Transforming a beatup 1974 VW Microbus into Ariel, the turquoise mermaid
Originally we referred to this kombi as "The Honey Badger". It just seemed to have that kind of "I don't give a crap" kind of attitude. His undercarraige was loaded with bucket loads of mud from the unsealed roads around Bulahdelah. He had a few scars and some wounds that had been covered with a generous helping of bog and lashings of house paint. As usual the quarter windows were rusted out, but overall, his body was straight, and his bones looked pretty solid and free from rust. Purchase price $1500 - no motor included.

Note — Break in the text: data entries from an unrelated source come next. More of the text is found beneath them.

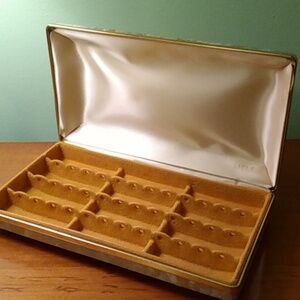 Vintage Mele hinged jewelry box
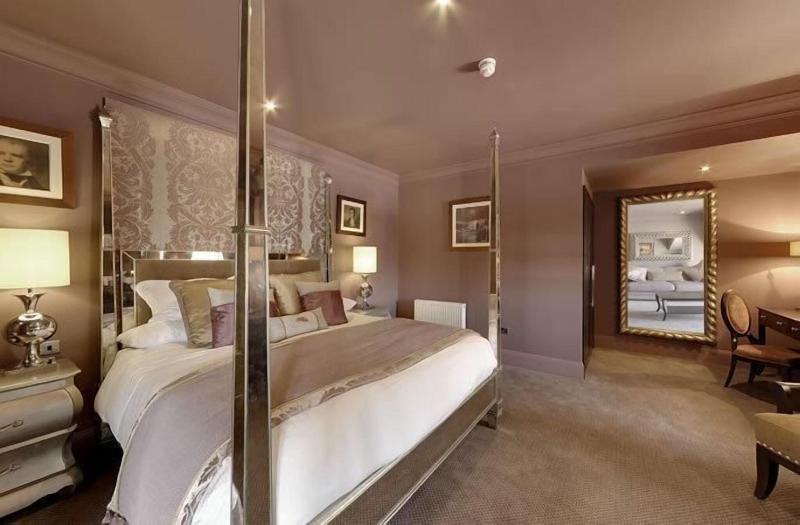 Dumfries Arms Hotel - Oda
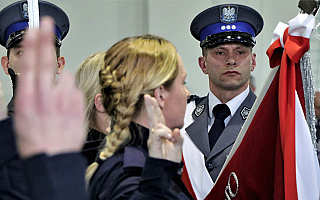 Nowi policjanci w szeregach warmińsko-mazurskiej policji. Funkcjonariusze złożyli ślubowanie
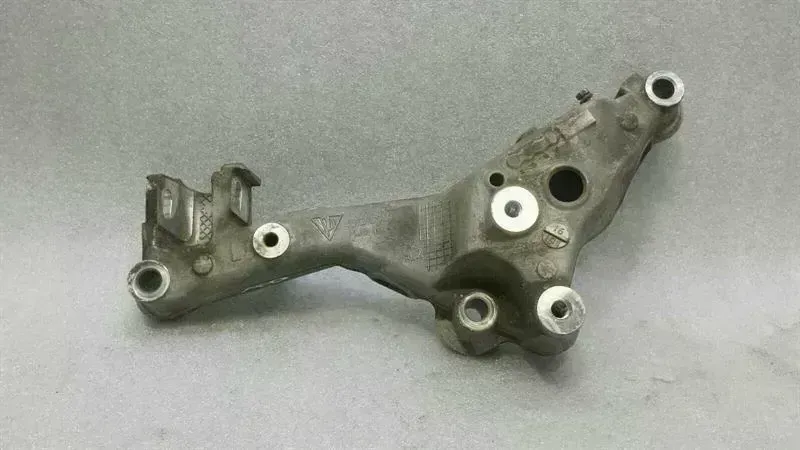 Porsche 911 (991) Porsche 911 991 subframe left rear 99133115110 axle frame rear axle Body type: Coupe
Fuel: Petrol
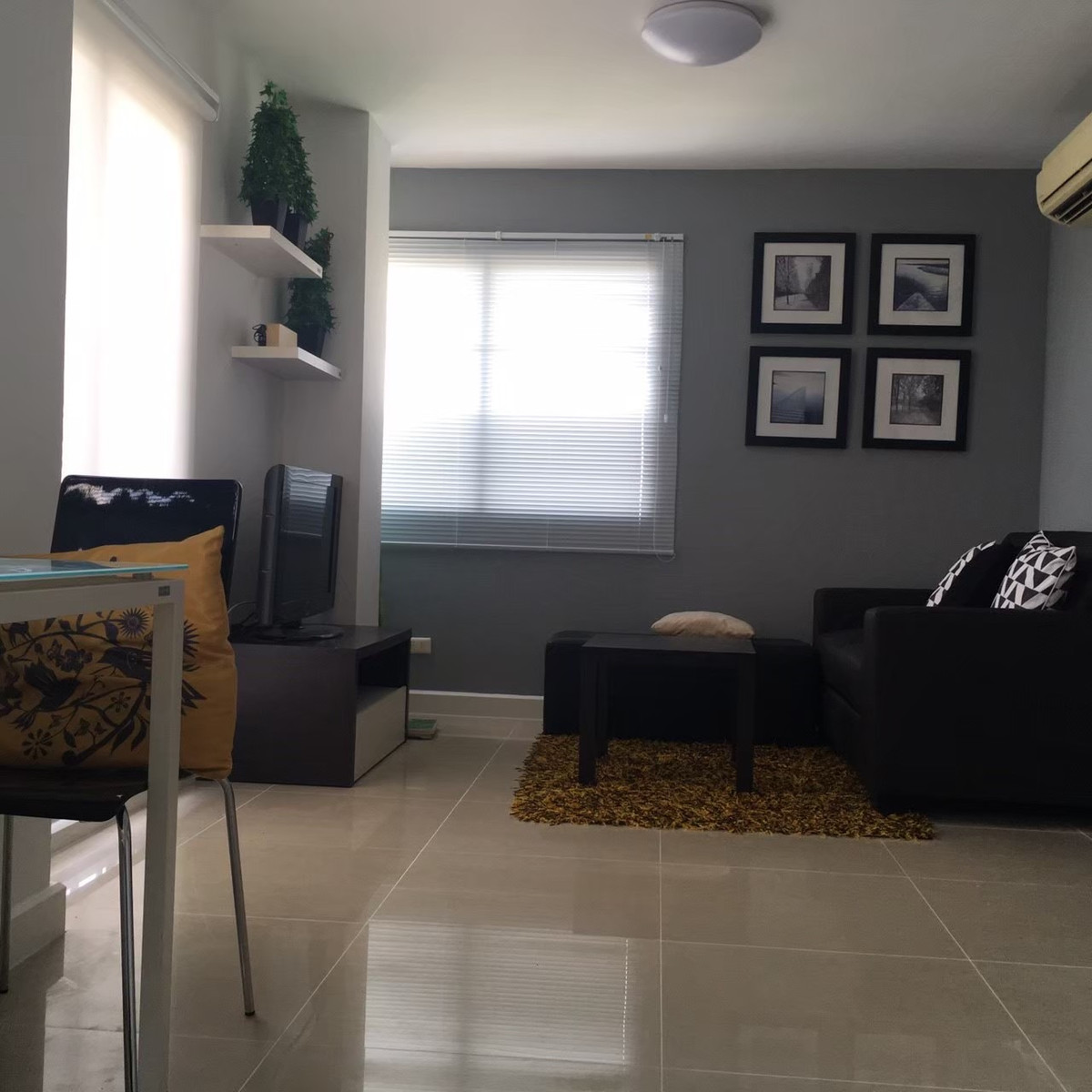 For SaleCondoSiam Paragon ,Chulalongkorn,Samyan : One Siam【𝐒𝐄𝐋𝐋 & 𝐑𝐄𝐍𝐓】🔥A luxurious, contemporary space, meticulously decorated in every corner, creating a polished image from the moment you step inside.🔥 Contact Line ID: @hacondo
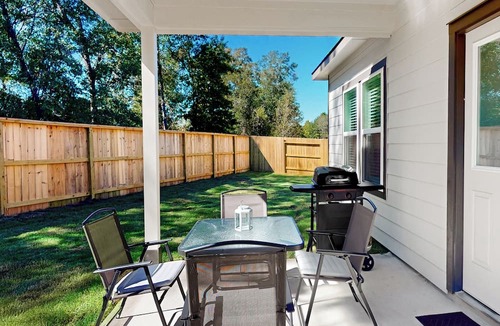 Porter Cottage | Patio Dining & Yard: Porter Escape, 3 Mi to Golf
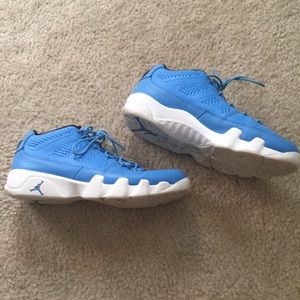 Jordan 9 Low “Pantone”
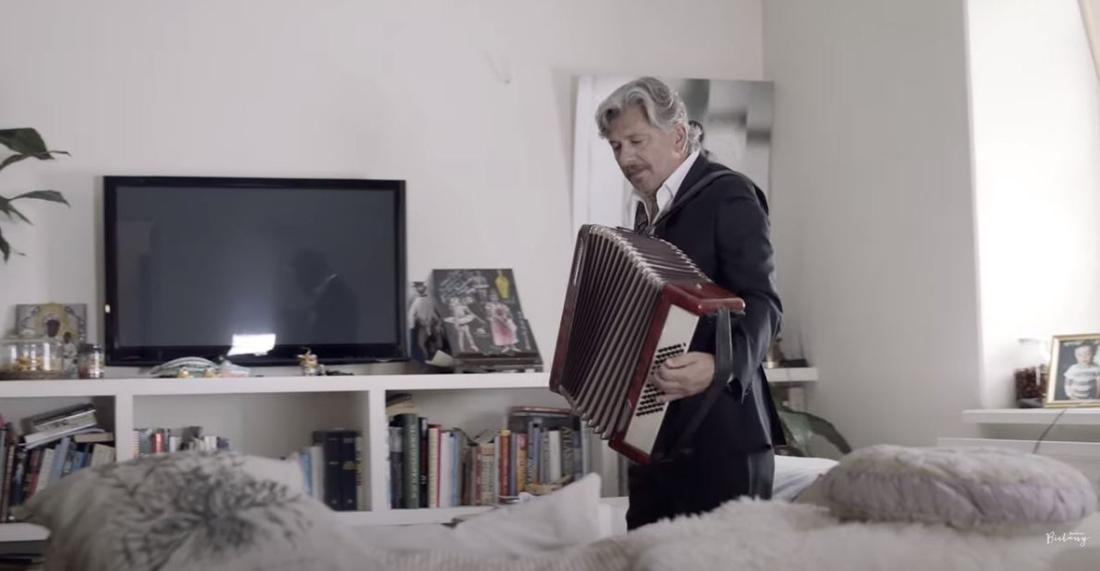 XIX wieczny dworek Nataszy Urbańskiej i Janusza Józefowicza.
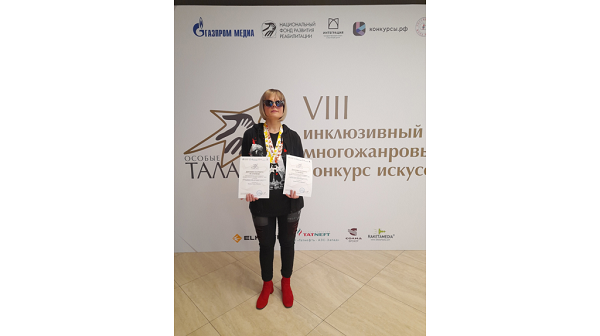 Незрячая певица из Брянска Карина Жакова стала победителем в конкурсе искусств «Особые таланты»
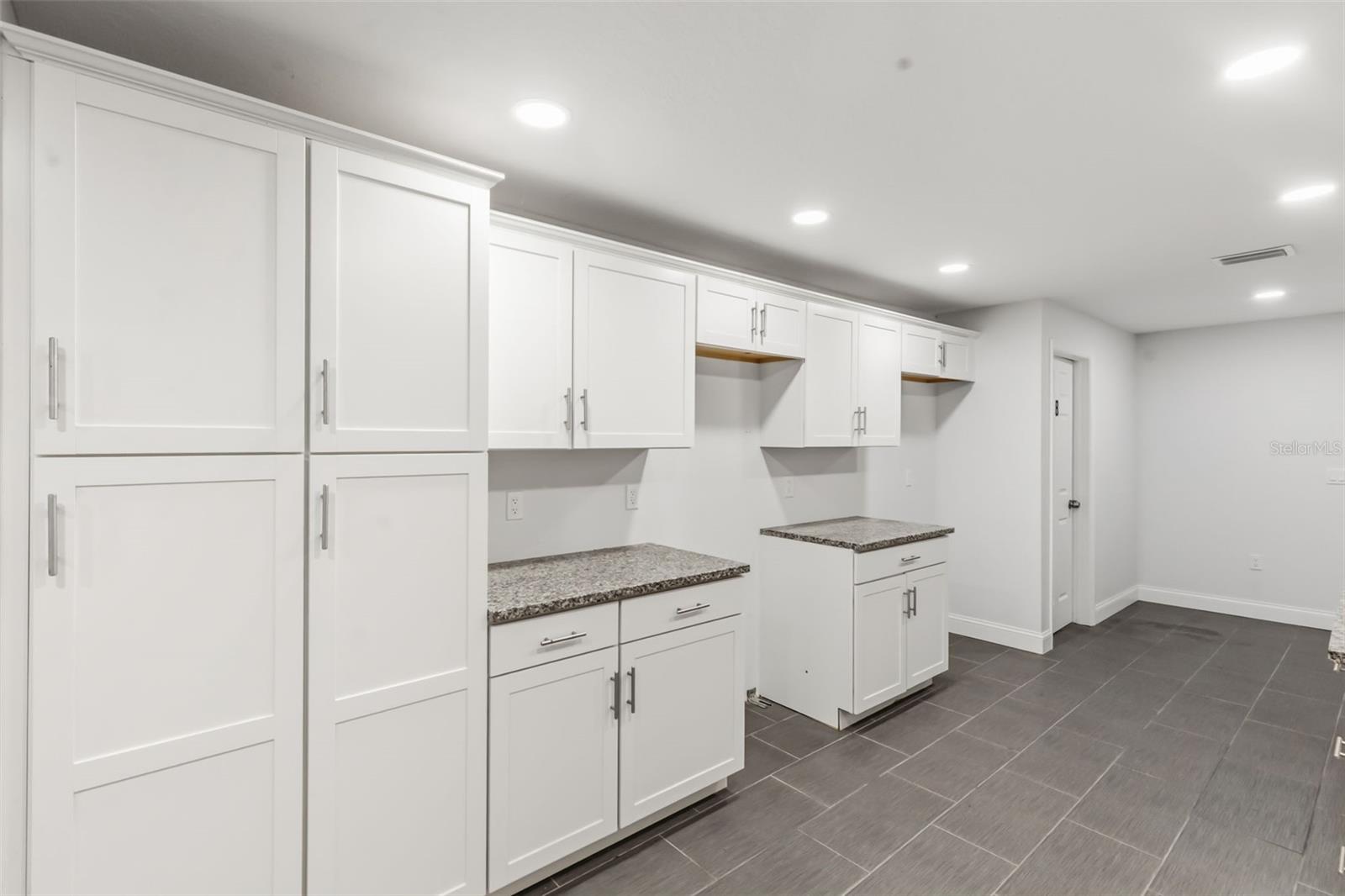 2726 6TH AVE W, BRADENTON, FL, 34205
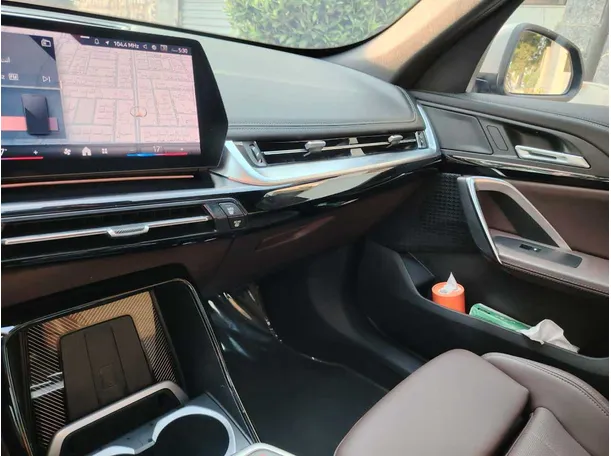 Car image 26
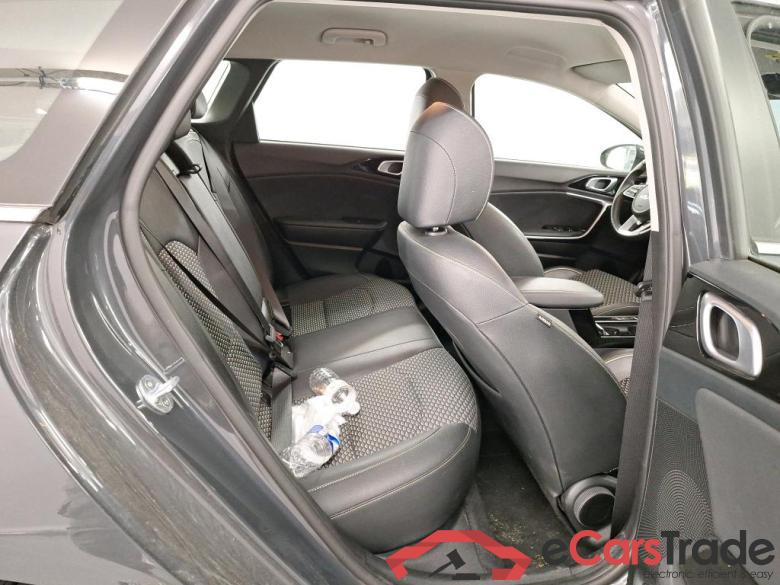 KIA CEE'D SPORTSWAGON 1.6 CRDI 136 MHEV PULSE #6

While the engine bay was empty we got stuck into the battery trays and drained the fuel tank.This is one of the hardest areas to clean and gurney. I have never enjoyed the task of removing the black tar that is used to seal the welds which has cracked and shrunk over time.
Worse still is the process of cleaning years of caked on grease and road grime. Every surface needs to be rubbed back and prepared before finally applying fresh seam sealer and a few coats of 2pac. Nice! Thankfully my mechanic had just finished rebuilding a solid 2 Litre engine that would marry up to the existing gearbox, so now we have a running Kombi with a nice clean engine bay.
A few other details needed to be sorted out like new ball joints on both sides, new brake calipers, starter motor, CV joints and some electrical issues that had our VW specialist scratching their heads for a week! The engine was running pretty rough at first, but the boys from Nymeyer were right across it and soon had our kombi purring like a kitten.
The front nose of our kombi also needed serious attention, as we discovered a minor crack that revealed a frontal impact that had been repaired with INCHES of bog. The workshop was filled with dust and rust as the grinders set to work. The more you grind the more you find, and the Honey Badger was no exception. The A-pillar (next to the windscreen) needed a cut here and a weld there, and the doglegs needed some attention as well. I'll admit that by the time we had addressed all the damage and rust affected areas, there wasn't too much of the original colour left behind.
In fact, by the time the primer and undercoat had been applied, our kombi looked nothing like the original Honey Badger. This is when Louise paid us a small deposit and asked if we wouldn't mind painting him turquoise - just like a lowlight project we finished 1 year ago called the Eagle. Hmmm, another name change might be needed... How about Ariel? As soon as we applied the first coats of paint, the name stuck.